◆ **GOAL OF THE EXERCISE**: Repeat the records below line by line, exactly, finishing on the line that contains "responses that keeps".

(Crawled caption data)
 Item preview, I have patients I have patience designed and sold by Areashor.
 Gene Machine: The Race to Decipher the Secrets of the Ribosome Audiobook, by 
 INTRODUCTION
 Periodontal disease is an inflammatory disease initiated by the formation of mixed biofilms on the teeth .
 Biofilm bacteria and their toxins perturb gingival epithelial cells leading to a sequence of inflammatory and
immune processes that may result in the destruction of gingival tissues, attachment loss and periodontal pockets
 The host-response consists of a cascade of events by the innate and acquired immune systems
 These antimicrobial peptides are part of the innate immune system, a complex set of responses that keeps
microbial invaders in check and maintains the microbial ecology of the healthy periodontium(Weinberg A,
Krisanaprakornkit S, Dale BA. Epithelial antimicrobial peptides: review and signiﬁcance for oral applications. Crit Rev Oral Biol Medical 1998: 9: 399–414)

◆ **THE COMPLETED TASK**:
 Item preview, I have patients I have patience designed and sold by Areashor.
 Gene Machine: The Race to Decipher the Secrets of the Ribosome Audiobook, by 
 INTRODUCTION
 Periodontal disease is an inflammatory disease initiated by the formation of mixed biofilms on the teeth .
 Biofilm bacteria and their toxins perturb gingival epithelial cells leading to a sequence of inflammatory and
immune processes that may result in the destruction of gingival tissues, attachment loss and periodontal pockets
 The host-response consists of a cascade of events by the innate and acquired immune systems
 These antimicrobial peptides are part of the innate immune system, a complex set of responses that keeps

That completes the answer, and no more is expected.